In your copy of the records, include every word exactly and no pictures.

#### Record extracts:
>>>

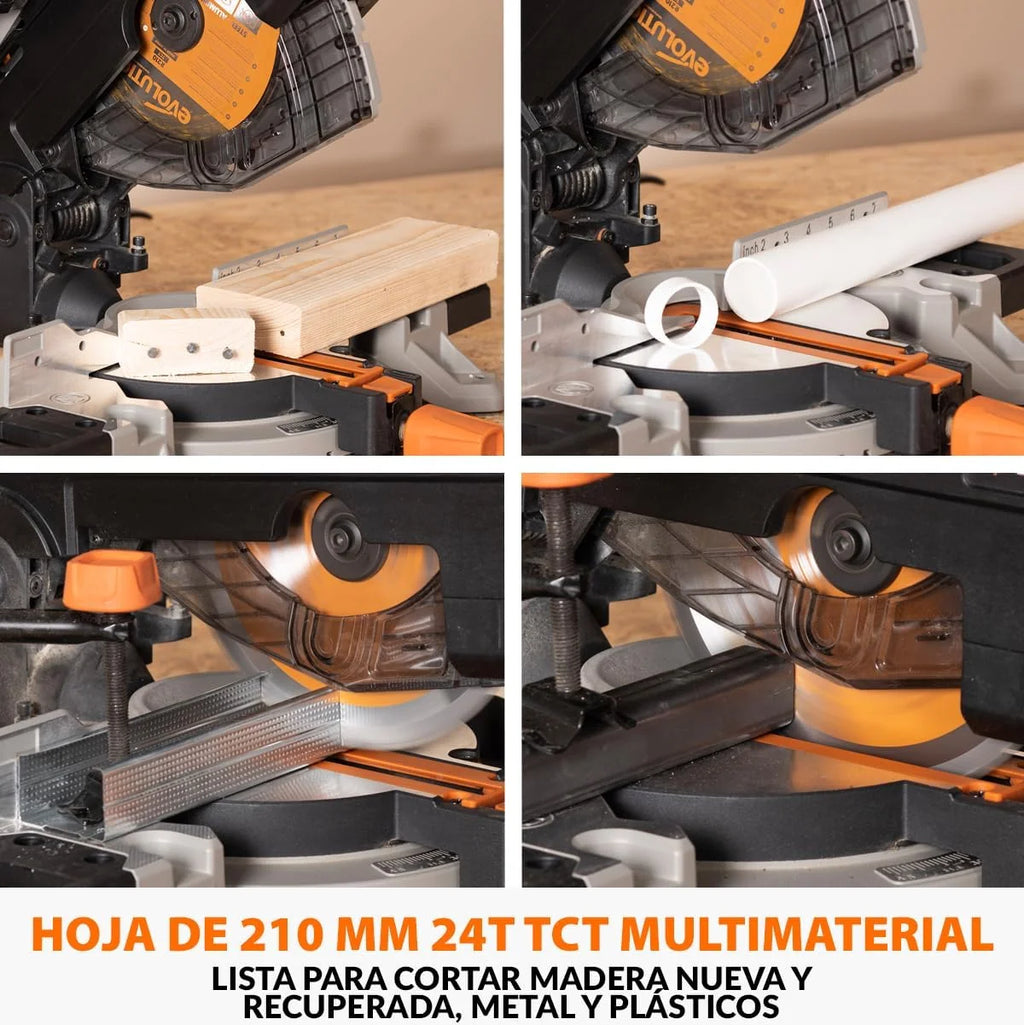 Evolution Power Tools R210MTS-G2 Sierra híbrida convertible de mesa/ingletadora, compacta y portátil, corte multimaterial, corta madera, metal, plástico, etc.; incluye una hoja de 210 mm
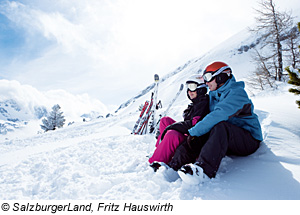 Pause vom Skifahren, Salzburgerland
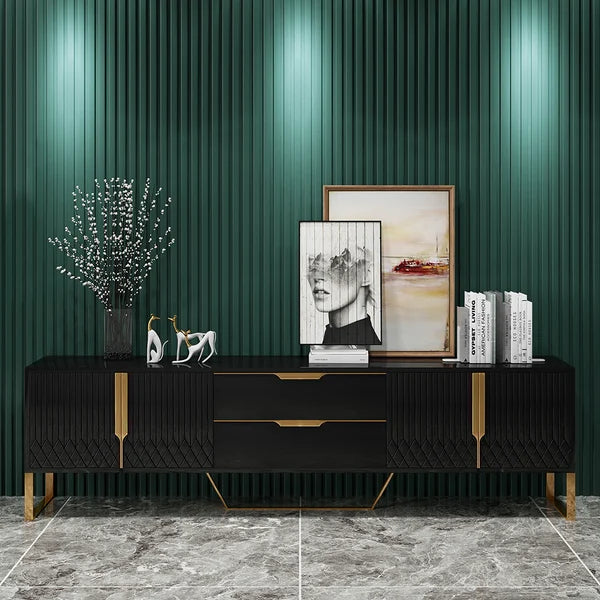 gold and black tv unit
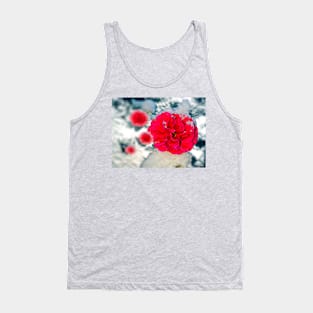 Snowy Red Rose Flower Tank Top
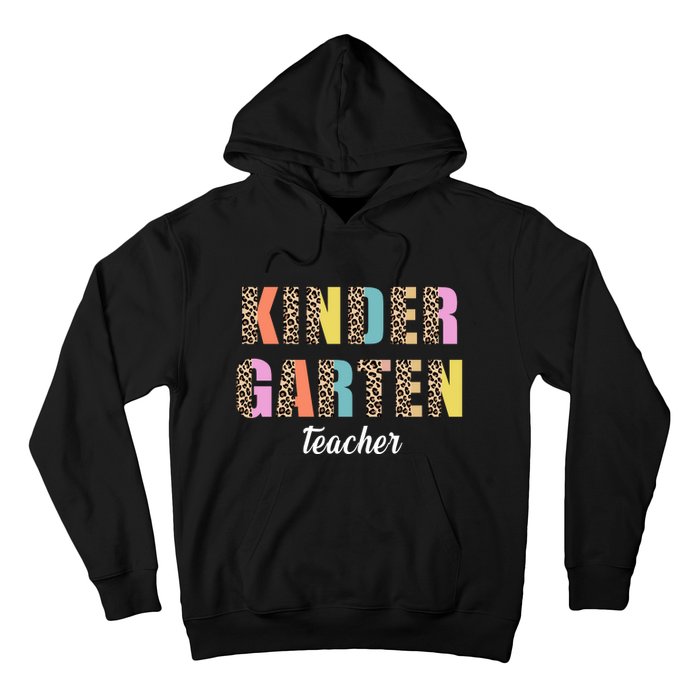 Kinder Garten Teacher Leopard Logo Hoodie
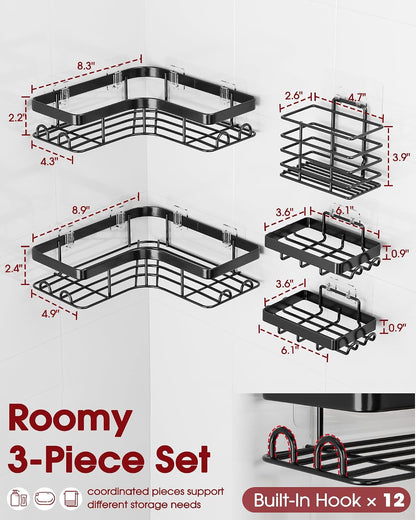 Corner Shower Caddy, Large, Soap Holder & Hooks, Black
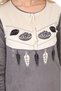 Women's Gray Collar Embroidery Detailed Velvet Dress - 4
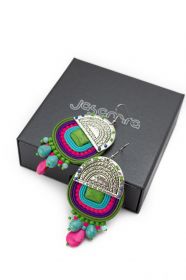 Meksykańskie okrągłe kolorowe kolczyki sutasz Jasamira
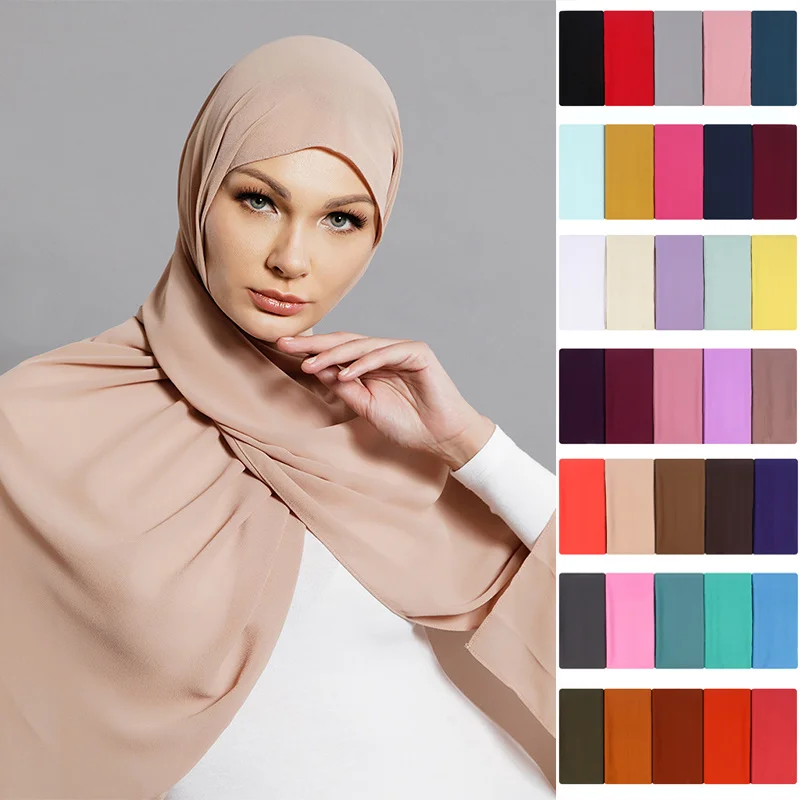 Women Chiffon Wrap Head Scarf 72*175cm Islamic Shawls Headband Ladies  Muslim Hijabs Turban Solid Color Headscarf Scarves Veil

<<<

#### Exercise answer:
 Evolution Power Tools R210MTS-G2 Sierra híbrida convertible de mesa/ingletadora, compacta y portátil, corte multimaterial, corta madera, metal, plástico, etc.; incluye una hoja de 210 mm
 Pause vom Skifahren, Salzburgerland
 gold and black tv unit
 Snowy Red Rose Flower Tank Top
 Kinder Garten Teacher Leopard Logo Hoodie
 Corner Shower Caddy, Large, Soap Holder & Hooks, Black
 Women's Gray Collar Embroidery Detailed Velvet Dress - 4
 Meksykańskie okrągłe kolorowe kolczyki sutasz Jasamira
 Women Chiffon Wrap Head Scarf 72*175cm Islamic Shawls Headband Ladies  Muslim Hijabs Turban Solid Color Headscarf Scarves Veil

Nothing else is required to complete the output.